Topic 6: Shareholders’ Rights And Remedies Flashcards
(54 cards)
What is the principle that governs the decision-making process in a company?
Majority rule
What can minority shareholders do to influence decisions?
Join forces with other shareholders
What are some protections available to shareholders?
- Membership rights
- Shareholders’ agreements
- Shareholders’ rights under CA 2006
What is the usual remedy for breach of membership rights under s 33 CA 2006?
Damages
What does s 33 CA 2006 state regarding a company’s constitution?
It binds the company and its members as if there were covenants to observe those provisions
Which rights are considered membership rights under s 33 CA 2006? List at least two.
- Right to a dividend once declared
- Right to vote at meetings
What is a key characteristic of Shareholders’ Agreements compared to Articles?
They can contain provisions that the law does not permit in the Articles
What is required for certain matters in a Shareholders’ Agreement to be valid?
Unanimous consent of all shareholders
What does a Shareholders’ Agreement provide that Articles may not?
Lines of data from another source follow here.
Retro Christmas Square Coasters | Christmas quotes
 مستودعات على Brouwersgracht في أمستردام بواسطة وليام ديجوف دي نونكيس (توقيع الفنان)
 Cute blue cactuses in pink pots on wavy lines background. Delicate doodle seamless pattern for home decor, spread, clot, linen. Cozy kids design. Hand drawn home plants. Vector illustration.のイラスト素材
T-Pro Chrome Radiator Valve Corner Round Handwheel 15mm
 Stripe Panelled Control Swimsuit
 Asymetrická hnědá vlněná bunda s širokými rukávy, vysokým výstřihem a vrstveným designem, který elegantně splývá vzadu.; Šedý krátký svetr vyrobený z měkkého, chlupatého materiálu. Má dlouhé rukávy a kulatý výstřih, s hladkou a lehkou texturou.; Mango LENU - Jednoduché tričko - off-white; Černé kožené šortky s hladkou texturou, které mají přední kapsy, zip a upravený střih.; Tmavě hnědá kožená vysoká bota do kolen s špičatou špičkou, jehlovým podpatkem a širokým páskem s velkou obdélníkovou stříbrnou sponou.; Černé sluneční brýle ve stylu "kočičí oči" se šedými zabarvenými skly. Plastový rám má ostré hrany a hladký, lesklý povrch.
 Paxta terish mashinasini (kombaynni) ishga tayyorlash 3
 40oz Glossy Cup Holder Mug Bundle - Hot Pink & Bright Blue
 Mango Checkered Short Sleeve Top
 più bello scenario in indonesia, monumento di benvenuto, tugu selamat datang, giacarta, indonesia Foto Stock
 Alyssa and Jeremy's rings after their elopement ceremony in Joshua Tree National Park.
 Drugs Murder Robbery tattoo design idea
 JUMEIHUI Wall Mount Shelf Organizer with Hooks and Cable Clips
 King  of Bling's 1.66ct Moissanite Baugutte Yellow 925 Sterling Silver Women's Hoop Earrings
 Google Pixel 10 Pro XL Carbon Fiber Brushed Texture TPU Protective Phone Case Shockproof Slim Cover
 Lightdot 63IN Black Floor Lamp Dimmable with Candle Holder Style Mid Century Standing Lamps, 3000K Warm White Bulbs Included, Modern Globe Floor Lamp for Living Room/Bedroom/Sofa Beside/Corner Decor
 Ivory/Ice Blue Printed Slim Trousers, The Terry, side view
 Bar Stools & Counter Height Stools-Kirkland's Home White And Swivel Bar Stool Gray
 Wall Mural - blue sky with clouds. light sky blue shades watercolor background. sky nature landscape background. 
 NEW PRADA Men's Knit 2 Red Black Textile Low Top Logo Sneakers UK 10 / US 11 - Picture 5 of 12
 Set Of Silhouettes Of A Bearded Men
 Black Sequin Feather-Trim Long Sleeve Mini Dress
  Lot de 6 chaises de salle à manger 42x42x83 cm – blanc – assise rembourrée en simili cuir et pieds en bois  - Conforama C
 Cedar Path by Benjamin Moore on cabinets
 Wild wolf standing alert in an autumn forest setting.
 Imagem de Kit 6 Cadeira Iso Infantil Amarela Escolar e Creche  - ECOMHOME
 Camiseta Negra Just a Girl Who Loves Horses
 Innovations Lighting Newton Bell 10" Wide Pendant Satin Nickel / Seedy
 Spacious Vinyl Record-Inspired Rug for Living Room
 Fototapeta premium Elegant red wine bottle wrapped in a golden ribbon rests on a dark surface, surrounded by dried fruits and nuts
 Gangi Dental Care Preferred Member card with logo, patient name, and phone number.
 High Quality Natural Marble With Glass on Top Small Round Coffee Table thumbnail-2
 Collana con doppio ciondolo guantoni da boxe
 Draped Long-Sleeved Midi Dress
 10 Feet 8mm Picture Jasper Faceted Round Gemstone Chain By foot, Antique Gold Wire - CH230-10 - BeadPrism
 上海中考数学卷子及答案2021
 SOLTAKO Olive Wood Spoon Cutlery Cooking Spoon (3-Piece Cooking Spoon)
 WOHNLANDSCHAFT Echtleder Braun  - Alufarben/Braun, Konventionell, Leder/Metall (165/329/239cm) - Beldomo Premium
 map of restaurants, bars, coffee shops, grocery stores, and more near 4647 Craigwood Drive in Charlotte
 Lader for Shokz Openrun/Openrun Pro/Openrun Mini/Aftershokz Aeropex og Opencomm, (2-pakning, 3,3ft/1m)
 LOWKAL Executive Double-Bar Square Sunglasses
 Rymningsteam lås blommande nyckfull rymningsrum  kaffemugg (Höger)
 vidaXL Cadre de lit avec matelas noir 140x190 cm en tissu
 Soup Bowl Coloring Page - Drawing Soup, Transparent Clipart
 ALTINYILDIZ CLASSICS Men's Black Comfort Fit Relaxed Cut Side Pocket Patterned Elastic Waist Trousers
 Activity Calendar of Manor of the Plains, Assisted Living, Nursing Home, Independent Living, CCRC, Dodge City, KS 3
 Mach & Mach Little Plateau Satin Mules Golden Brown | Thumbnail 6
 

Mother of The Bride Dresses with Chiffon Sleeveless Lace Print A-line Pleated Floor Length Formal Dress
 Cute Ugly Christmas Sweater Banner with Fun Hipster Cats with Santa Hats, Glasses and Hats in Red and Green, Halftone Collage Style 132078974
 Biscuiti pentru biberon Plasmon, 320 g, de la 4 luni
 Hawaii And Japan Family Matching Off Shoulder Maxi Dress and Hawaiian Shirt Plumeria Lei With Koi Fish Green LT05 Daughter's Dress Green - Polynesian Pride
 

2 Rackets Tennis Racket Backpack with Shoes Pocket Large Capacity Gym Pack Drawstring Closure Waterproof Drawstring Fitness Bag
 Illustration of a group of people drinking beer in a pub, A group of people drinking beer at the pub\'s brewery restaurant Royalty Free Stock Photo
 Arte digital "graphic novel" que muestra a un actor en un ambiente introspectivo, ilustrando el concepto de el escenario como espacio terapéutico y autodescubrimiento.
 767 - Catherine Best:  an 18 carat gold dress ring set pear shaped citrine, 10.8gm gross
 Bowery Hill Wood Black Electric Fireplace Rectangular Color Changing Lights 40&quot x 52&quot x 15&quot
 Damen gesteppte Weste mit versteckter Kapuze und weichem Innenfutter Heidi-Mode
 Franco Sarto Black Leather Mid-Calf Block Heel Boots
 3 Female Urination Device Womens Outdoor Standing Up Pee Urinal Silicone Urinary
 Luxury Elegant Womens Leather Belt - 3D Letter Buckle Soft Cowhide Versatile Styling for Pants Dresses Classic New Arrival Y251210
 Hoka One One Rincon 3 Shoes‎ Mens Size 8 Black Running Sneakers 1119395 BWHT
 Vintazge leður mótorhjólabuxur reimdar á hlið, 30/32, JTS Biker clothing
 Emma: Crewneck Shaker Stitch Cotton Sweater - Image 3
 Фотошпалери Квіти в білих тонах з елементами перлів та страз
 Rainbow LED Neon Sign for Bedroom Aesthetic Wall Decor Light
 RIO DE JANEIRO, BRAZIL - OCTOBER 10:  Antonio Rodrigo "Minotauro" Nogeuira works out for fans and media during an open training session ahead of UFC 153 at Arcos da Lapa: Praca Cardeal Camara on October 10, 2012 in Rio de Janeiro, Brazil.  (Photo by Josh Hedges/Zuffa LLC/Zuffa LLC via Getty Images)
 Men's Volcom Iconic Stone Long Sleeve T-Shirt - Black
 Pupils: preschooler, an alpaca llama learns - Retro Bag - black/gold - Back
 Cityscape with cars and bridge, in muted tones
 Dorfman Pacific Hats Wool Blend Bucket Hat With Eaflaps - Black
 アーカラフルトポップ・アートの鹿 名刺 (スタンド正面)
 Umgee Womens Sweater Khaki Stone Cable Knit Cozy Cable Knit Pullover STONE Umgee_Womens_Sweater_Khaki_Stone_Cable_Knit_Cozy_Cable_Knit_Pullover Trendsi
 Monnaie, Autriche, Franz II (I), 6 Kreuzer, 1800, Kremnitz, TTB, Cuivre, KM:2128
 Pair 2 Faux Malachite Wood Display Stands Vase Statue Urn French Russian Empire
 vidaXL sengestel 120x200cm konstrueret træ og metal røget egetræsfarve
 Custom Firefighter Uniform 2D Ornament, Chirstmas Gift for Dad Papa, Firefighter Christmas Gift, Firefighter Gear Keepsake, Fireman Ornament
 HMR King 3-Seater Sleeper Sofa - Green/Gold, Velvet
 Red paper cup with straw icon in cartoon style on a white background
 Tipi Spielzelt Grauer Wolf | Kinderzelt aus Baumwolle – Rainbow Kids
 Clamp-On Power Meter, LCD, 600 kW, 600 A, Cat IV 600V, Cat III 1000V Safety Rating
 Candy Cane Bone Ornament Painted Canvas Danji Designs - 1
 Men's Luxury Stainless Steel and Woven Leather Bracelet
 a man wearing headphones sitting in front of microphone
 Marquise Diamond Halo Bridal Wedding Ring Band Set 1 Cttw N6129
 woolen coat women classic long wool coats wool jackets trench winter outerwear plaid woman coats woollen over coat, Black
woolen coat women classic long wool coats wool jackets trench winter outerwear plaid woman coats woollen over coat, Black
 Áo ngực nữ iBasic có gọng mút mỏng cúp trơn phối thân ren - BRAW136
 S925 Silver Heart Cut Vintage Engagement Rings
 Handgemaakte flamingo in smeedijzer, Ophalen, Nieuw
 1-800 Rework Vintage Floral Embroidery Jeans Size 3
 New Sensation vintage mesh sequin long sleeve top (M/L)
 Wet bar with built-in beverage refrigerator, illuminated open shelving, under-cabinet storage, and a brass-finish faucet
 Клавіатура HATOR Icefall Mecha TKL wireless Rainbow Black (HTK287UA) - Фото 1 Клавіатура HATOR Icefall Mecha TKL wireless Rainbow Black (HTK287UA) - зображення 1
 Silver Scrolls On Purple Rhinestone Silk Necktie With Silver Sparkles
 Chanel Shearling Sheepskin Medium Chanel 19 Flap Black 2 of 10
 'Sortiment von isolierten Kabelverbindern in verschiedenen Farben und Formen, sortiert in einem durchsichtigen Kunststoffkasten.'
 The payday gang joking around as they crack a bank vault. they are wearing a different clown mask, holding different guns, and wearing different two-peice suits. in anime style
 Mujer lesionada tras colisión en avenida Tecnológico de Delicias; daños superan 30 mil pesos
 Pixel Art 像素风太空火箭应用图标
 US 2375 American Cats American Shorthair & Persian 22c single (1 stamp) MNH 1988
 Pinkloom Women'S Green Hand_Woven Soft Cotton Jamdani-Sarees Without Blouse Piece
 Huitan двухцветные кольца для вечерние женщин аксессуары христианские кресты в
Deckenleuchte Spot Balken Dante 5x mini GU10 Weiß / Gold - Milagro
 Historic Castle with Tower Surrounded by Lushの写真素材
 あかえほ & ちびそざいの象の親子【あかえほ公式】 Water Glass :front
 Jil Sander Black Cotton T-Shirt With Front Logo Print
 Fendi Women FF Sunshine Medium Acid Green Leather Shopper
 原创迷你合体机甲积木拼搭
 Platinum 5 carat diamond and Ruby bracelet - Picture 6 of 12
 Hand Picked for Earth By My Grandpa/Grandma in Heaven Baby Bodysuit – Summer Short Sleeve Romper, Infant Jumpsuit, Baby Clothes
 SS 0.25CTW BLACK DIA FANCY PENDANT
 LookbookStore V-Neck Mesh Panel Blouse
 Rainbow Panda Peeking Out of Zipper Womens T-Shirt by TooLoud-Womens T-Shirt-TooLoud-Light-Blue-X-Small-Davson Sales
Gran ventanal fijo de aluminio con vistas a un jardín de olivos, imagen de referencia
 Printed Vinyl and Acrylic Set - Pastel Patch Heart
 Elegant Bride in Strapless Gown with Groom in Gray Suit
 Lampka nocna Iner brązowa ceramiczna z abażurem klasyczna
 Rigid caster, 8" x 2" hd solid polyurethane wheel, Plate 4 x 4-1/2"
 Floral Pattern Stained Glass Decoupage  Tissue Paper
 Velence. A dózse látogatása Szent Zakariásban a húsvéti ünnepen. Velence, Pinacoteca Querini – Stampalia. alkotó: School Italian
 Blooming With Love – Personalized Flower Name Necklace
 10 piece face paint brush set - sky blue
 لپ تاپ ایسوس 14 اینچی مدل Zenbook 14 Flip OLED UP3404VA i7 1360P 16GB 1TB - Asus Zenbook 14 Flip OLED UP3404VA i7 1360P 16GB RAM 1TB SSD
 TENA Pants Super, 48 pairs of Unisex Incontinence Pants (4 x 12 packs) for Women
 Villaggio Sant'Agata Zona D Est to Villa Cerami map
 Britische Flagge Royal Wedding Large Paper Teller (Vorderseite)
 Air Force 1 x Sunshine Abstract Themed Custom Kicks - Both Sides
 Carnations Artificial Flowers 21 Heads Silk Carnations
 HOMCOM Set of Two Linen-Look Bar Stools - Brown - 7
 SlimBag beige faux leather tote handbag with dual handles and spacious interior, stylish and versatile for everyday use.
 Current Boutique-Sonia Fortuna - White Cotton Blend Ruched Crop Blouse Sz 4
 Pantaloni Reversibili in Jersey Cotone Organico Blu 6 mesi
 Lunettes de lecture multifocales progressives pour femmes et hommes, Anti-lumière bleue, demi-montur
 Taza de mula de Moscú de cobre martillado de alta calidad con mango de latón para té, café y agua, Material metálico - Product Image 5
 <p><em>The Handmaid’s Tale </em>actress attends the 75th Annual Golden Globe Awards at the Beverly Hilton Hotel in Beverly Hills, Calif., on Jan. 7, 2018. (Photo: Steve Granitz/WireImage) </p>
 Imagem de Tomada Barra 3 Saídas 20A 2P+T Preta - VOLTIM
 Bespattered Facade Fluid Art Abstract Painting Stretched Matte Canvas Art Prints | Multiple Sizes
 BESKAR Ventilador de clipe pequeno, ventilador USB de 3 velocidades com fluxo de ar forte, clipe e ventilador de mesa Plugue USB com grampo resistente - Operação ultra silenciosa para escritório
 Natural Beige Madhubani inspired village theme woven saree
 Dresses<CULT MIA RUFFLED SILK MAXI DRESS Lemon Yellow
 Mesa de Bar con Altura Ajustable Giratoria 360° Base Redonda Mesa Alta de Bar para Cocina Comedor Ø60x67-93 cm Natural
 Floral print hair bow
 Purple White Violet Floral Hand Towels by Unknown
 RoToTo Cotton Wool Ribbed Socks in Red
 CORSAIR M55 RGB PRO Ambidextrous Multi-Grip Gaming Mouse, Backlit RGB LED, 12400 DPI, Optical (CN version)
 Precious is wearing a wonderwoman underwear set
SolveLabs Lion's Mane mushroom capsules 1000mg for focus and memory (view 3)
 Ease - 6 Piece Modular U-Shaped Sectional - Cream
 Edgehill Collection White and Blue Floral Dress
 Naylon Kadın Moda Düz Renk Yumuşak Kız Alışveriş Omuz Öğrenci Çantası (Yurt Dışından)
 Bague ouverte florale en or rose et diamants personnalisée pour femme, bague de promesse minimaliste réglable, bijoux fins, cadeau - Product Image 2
A right of action enforceable directly between members
What is the minimum notice period required for a removal resolution under s 168 CA 2006?
28 clear days
What happens if the board does not place a removal resolution on the agenda of a GM?
Shareholders may need to force the directors to call a GM
Under s 303 CA 2006, how much voting share capital is required for shareholders to request a GM?
Not less than 5%
What must directors do upon receiving a s 303 request?
Call the GM within 21 days
What is the time frame within which a GM must be held after a s 303 request?
Not more than 28 days after the notice convening the GM
What can shareholders recover if they are forced to call a GM themselves?
Their reasonable expenses
What is the significance of the Articles in relation to membership rights?
They are deemed a complete contract and cannot have implied terms
What is a ‘removal resolution’ as defined under CA 2006?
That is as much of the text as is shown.